他罰の風潮が生む冤罪
2019年9月号
LIFE [病める世相の心療内科㉜]
by 遠山高史(精神科医)
絵/浅野照子(詩画家)
40過ぎの結婚式場で働く女性が沈んだ面持ちでやってくる。勤続15年のベテランで長らく新人の教育係を任されてきた。しかしある時、30歳くらいの新人女性に研修をしたところ、その新人がすぐに辞めるといいだした。彼女の指導が厳しすぎて到底ついていけないと彼女の上司にメールで訴えたのだという。
彼女は上司に呼ばれ、パワハラで訴えられかねないからと新人教育の役職を外された。今までなんのトラブルもなくやってきたことのどこが間違っていたのか。納得がいかなかったが、上司はもう時代は変わったのだと彼女に告げた。会社のため長年、真面目に努力してきたことへの評価の言葉もなかった。問題化を恐れる上司から注意を受けた彼女は自信を喪失し、ひどく落ち込み、うつ状態となった。
不本意でも会社を辞めるわけにはいかない。ずいぶん前に離婚しており、一人息子の教育費のため必死で働かざるを得ず、母親の介護を兄や妹に代わってやっている。その疲れから少々苛立っていたかもしれない、と彼女はいう。
PC関連の資格を持つ新人は、事務職に就くことを望んでいたが、彼女はまず、自分が新人だった時と同じように会場の整備やテーブルの配置、式に必要な小物の準備などについて指導した。そのことも新人女性には大きなストレスになったようだ。一体、それを時代が変わったとは、どういうことだろうか。
こんな例もある。少し知的能力が低く、特別支援学級にいる6年生の男の子の親が突然、学校から呼び出された。女の子につきまとい猥褻行為をしようとしたので、今後は電車での登下校時に親が付き添うか、あるいはルートを変えるようにと言われたのである。
彼が帰りの電車に乗りこんだ時、電車はガラ空きで、座席の端に同じくらいの年ごろの女の子が座っていた。彼はその子の隣に座ったのである。空席だらけの電車であえて女の子の横に座ればあらぬ嫌疑をかけられる恐れはある。その女の子は彼の名札を見て記憶し、つきまとわれたと父親に報告したのである。
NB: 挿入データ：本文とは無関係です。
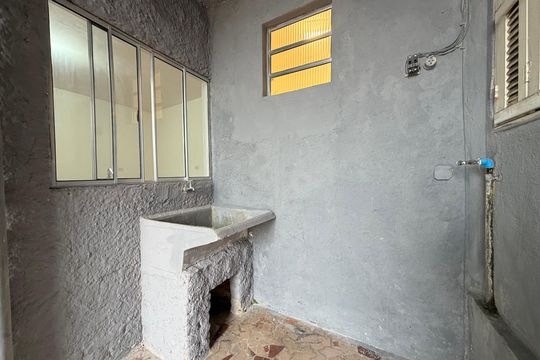 Área de Serviço de casa para alugar com 1 quarto, 43m² em Jardim Casablanca, São Paulo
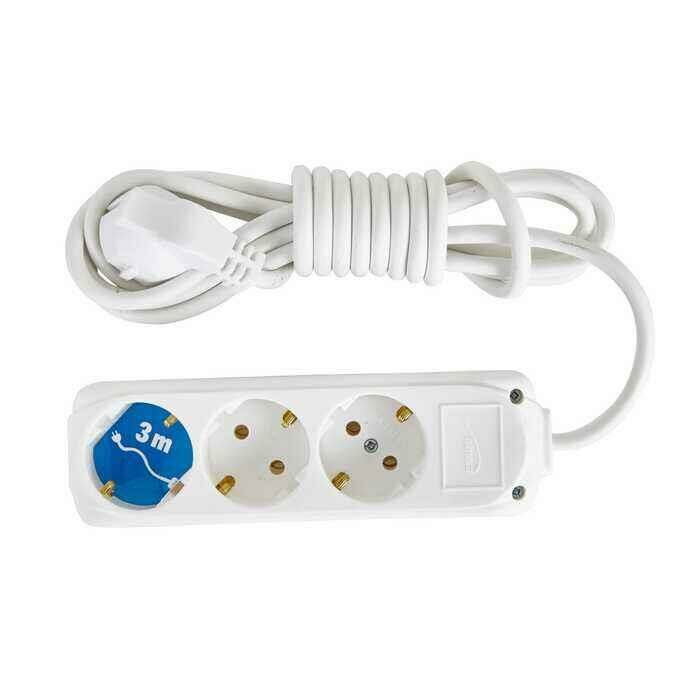 ALMERA PRIZ 3 LU 3mt TOPRAKLI (9230103)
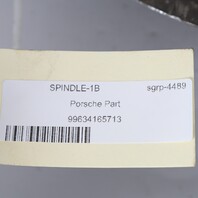 97-04 Porsche 911 Boxster Left Front Spindle Knuckle Hub 99634195712 OEM Used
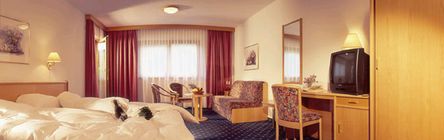 Gletscherblick - Panoramazimmer im Hotel Gletscherblick im Pitztal
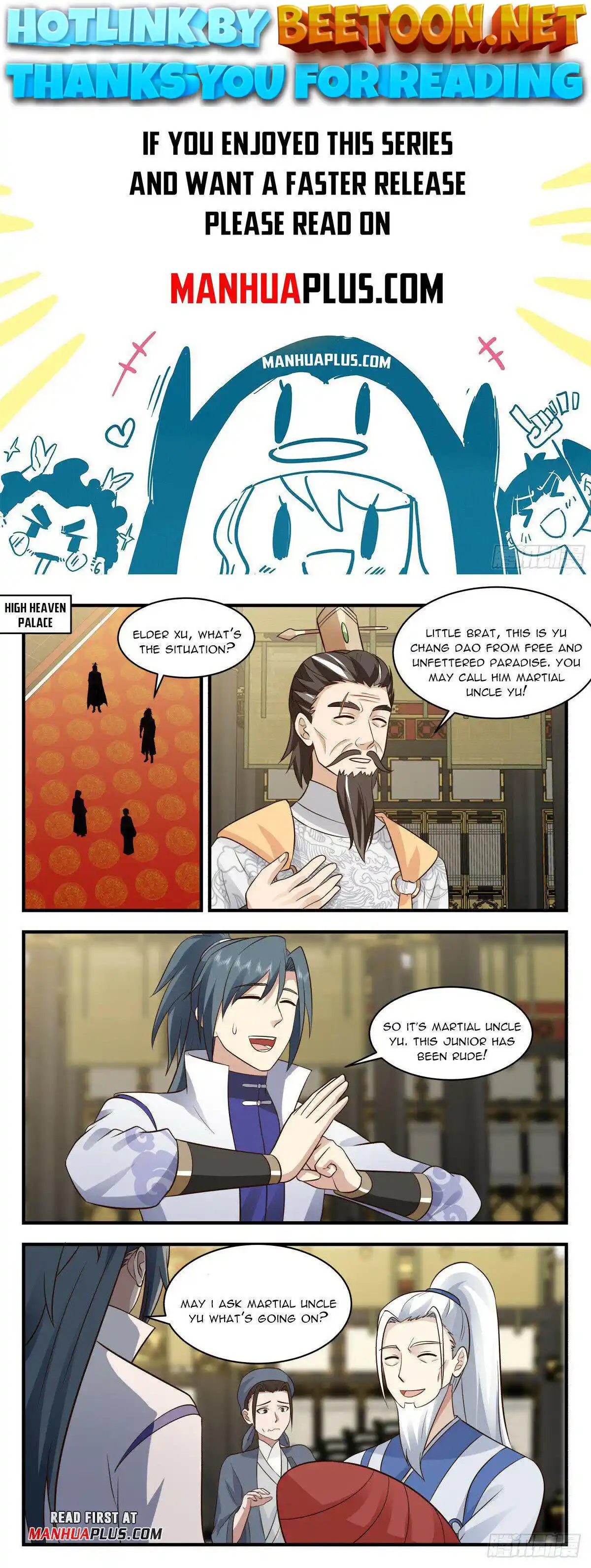 ManhwaFull Chapter 2883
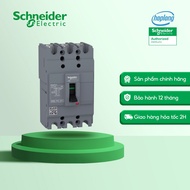 Schneider EZC100B3050 automatic circuit breaker - (400/415V) - 50A - 3P - 7.5kA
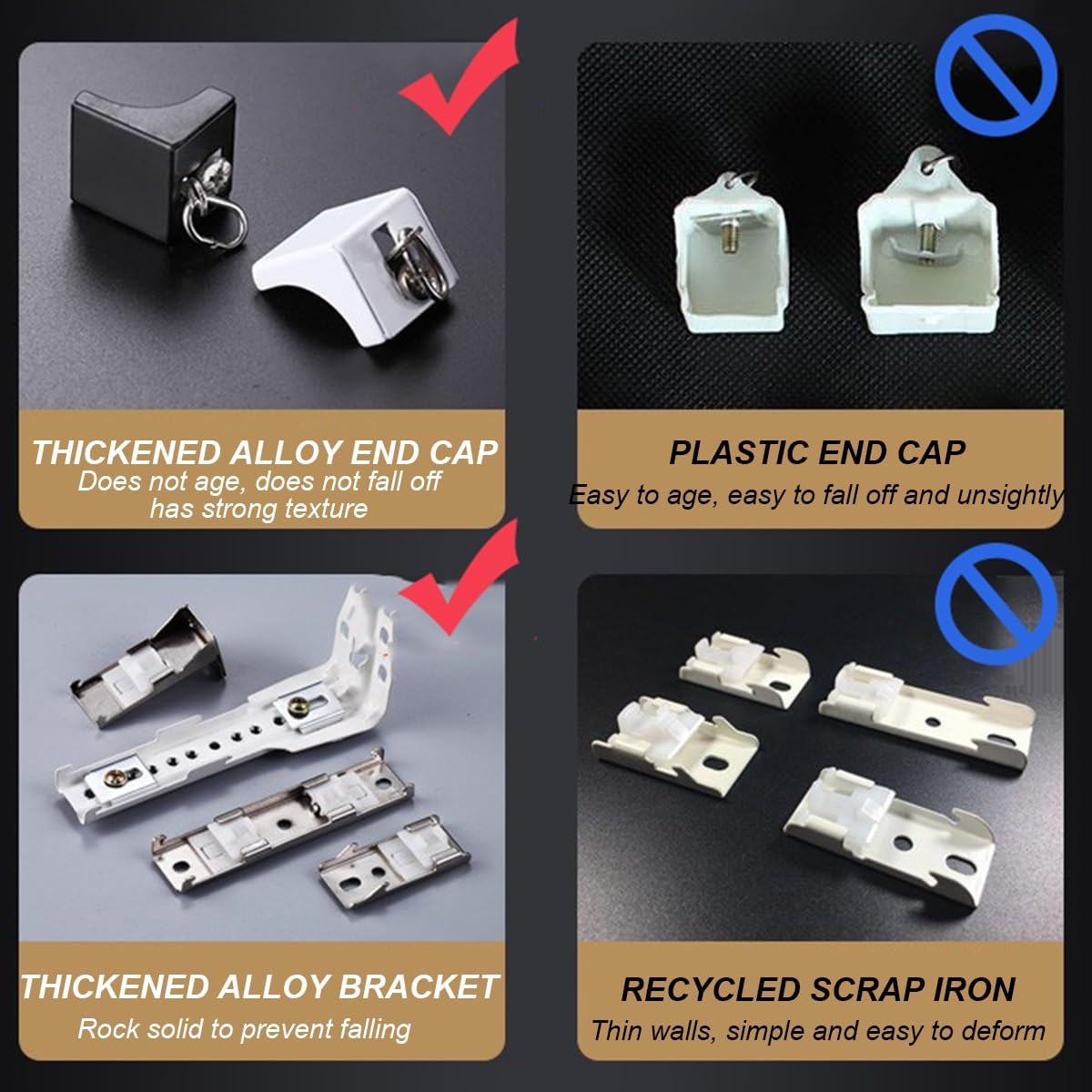 Heavy Duty Aluminum Ceiling Curtain Track - White, 300cm (2 x 150cm) for Room Dividers, Privacy Solutions in Open Spaces, Durable Drapery Rods - Perfect for Home & Office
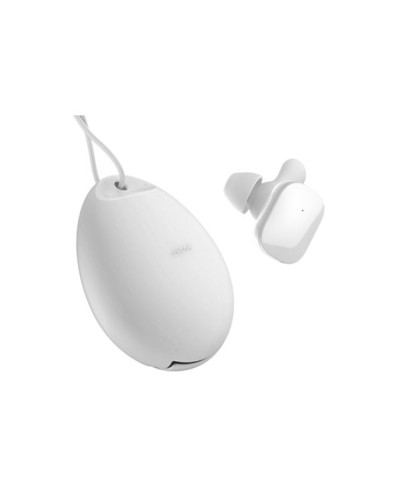 Baseus W02 Simsiz Qulaqlıq Ağ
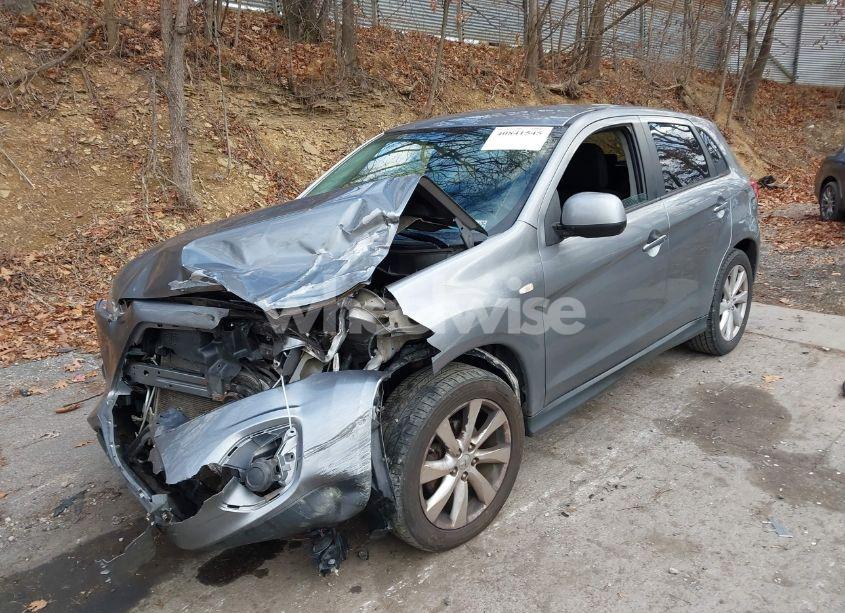 Photo 2 of 2015 Mitsubishi Outlander SPORT ES (VIN 4A4AR3AU0FE040029)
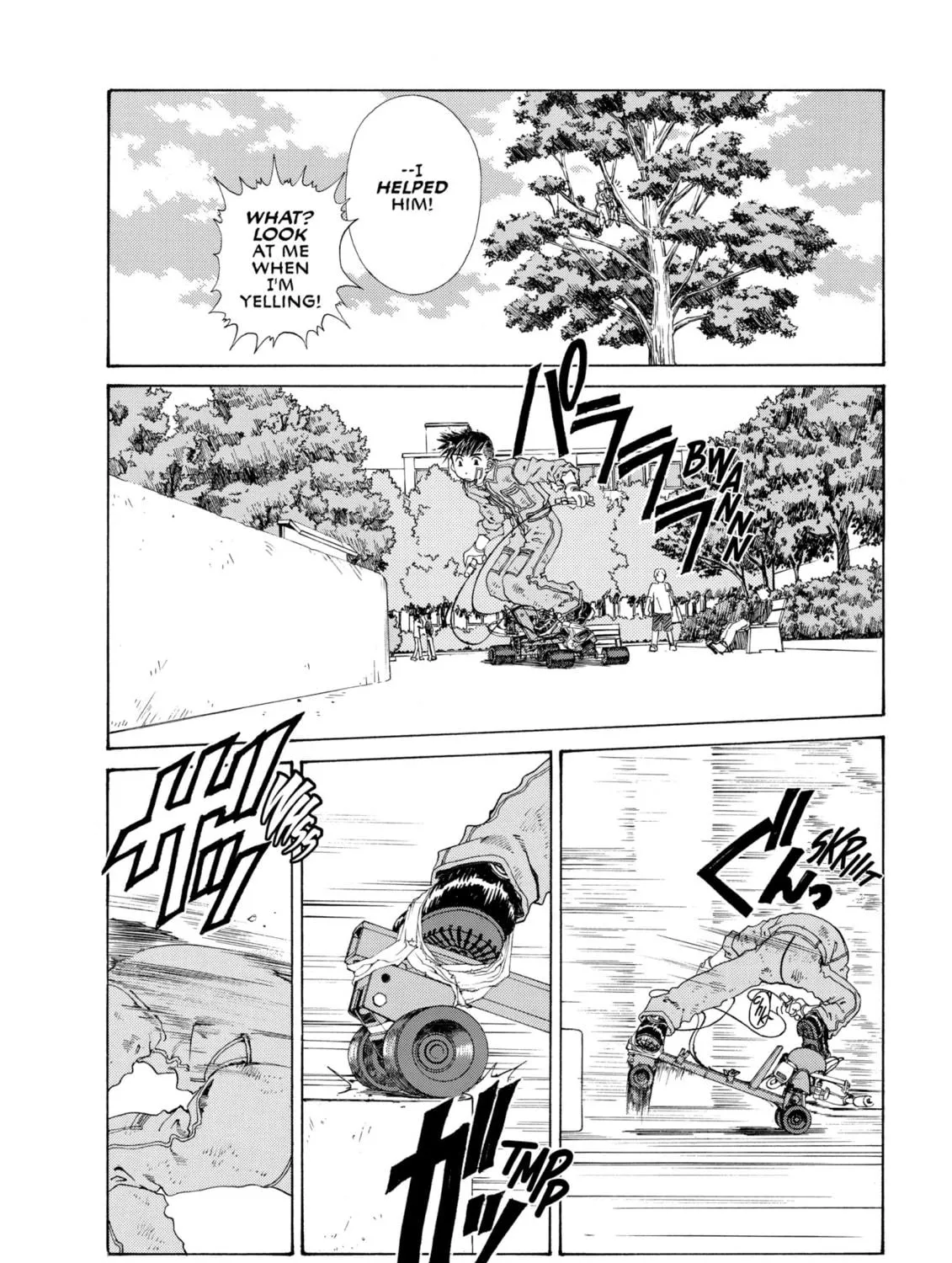 Read Oh! My Goddess chapter 127 image 8 on Lezhin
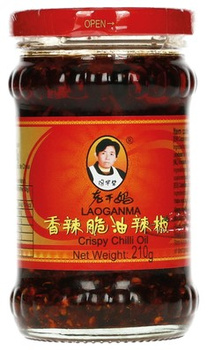 CRISPY CHILI IN OIL 210 g - LAO GAN MA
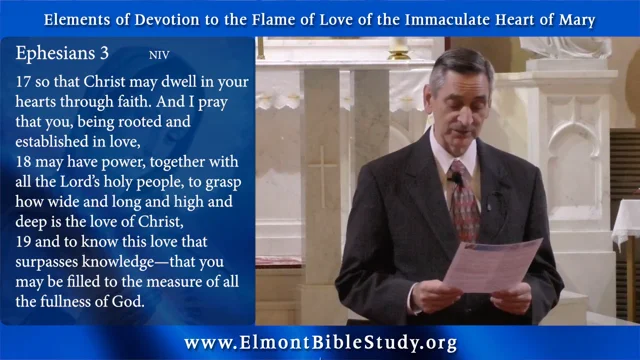 Flame of Love – of the Immaculate Heart of Mary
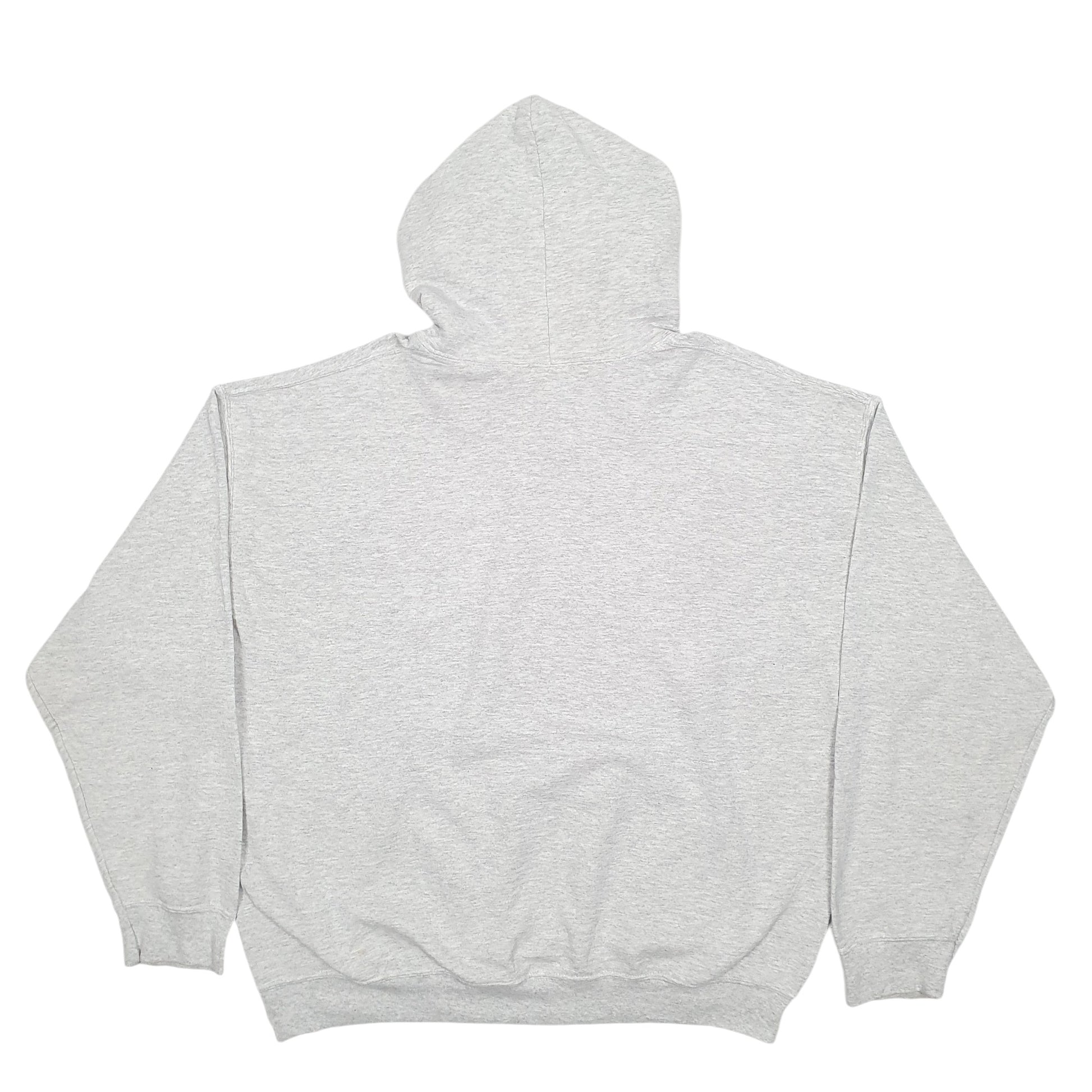 Mens Grey Gildan Stratford Basketball Spellout Hoodie Jumper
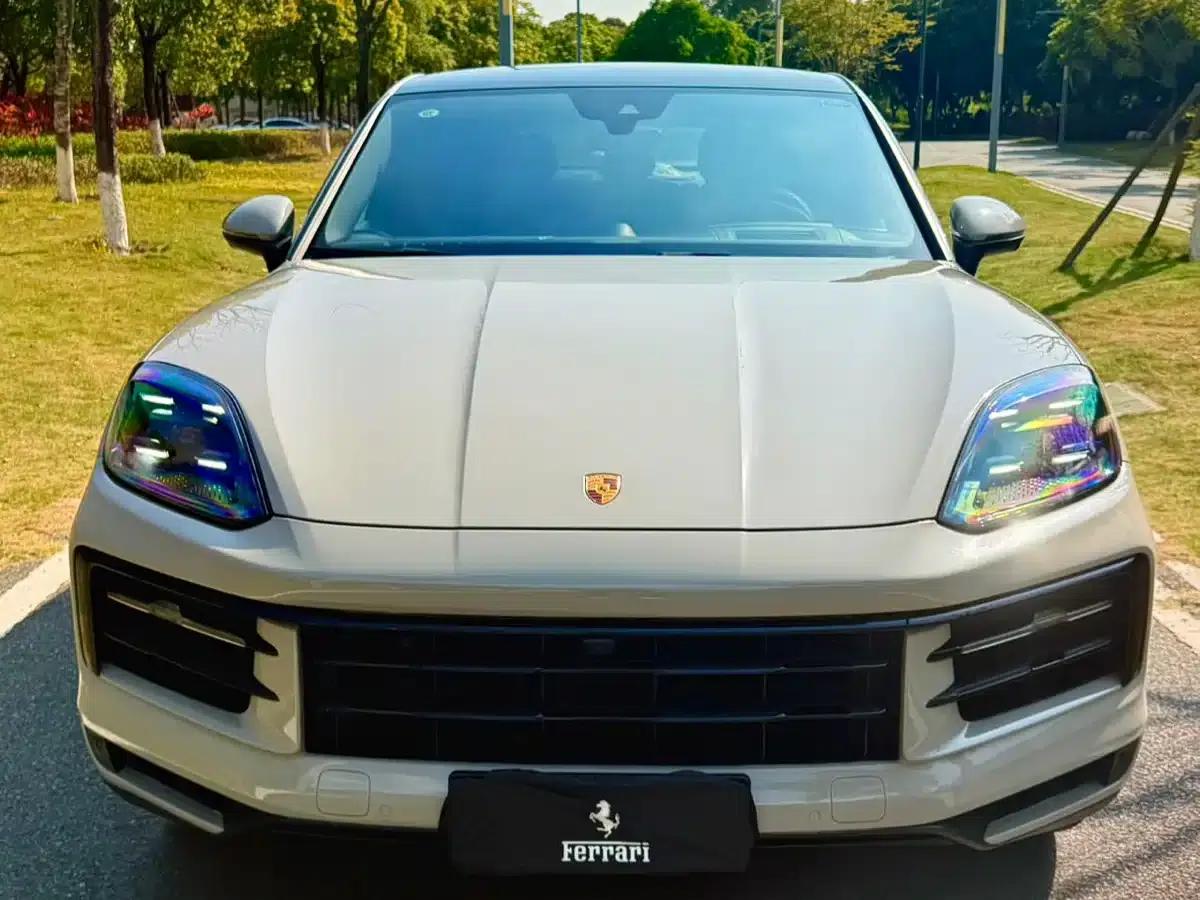 Cayenne 2024 Cayenne Coupé 3.0T — миниатюра 2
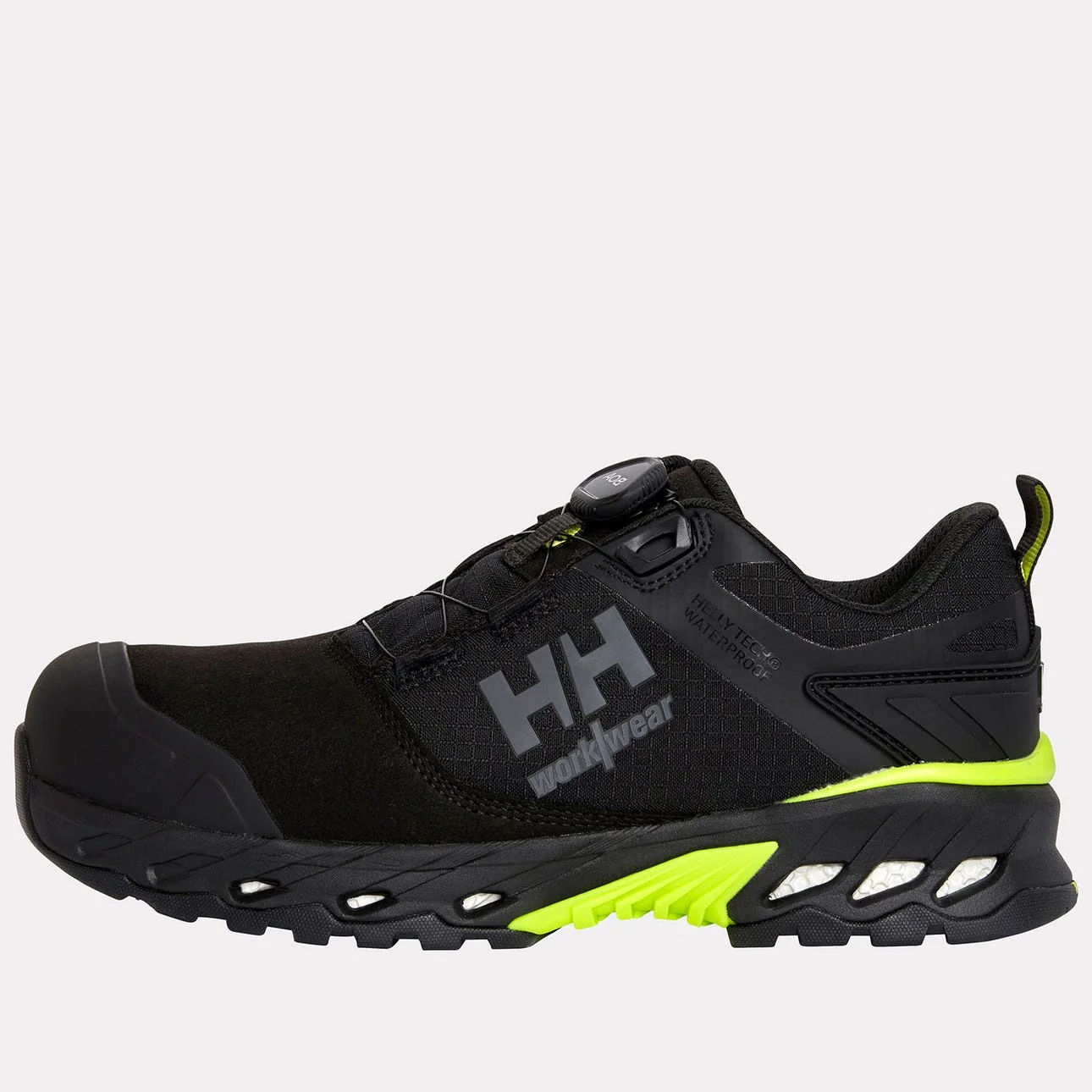 Helly Hansen Magni Evolution Low BOA HT veiligheidsschoenen 78340 Zwart/Geel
二つ先の駅で彼女は降り、彼はその後をつけたわけでもなかったが、父親は彼の通う学校の校長に「娘に彼を近づけるな」と強く抗議した。「猥褻行為をしようとした」という訴えは言い過ぎだった可能性もあるが、学校は大した事実確認もせぬまま登下校時の付き添いを言い渡した。こっぴどく親に叱られた彼は以後部屋に引きこもり、学校に行こうとはしなくなった。
件の教育係の女性や支援学級の男の子が一方的に制裁を受けたのはおかしくないだろうか。ある法律家に尋ねると、こちらが意図していなくても相手にそのように受け取られれば問題とされ得る、とのことだった。時代が変わったとは性善説から性悪説に人の理解が変わったということか。
外来には、うつに悩む人が多数やってくる。原因はさまざまだが、恋人に死なれた、ひどい災害に遭った、同級生に殴られた、というケースは少ない。ここに示した事例のように意図しないことで針小棒大に非難され、それを呑まざるを得ない状況が引き金になることが少なくない。深層心理学的に、うつ状態とは我慢が行き過ぎ怒りを外に出せなくなった状態をいう。日本は平和や豊かさを謳歌してきたが、学校や職場では、性悪説に基づく他罰の風潮が吹き荒れている。そのなかで行き過ぎた対応によって濡れ衣を着せられ、うつに陥る人も多いのだ。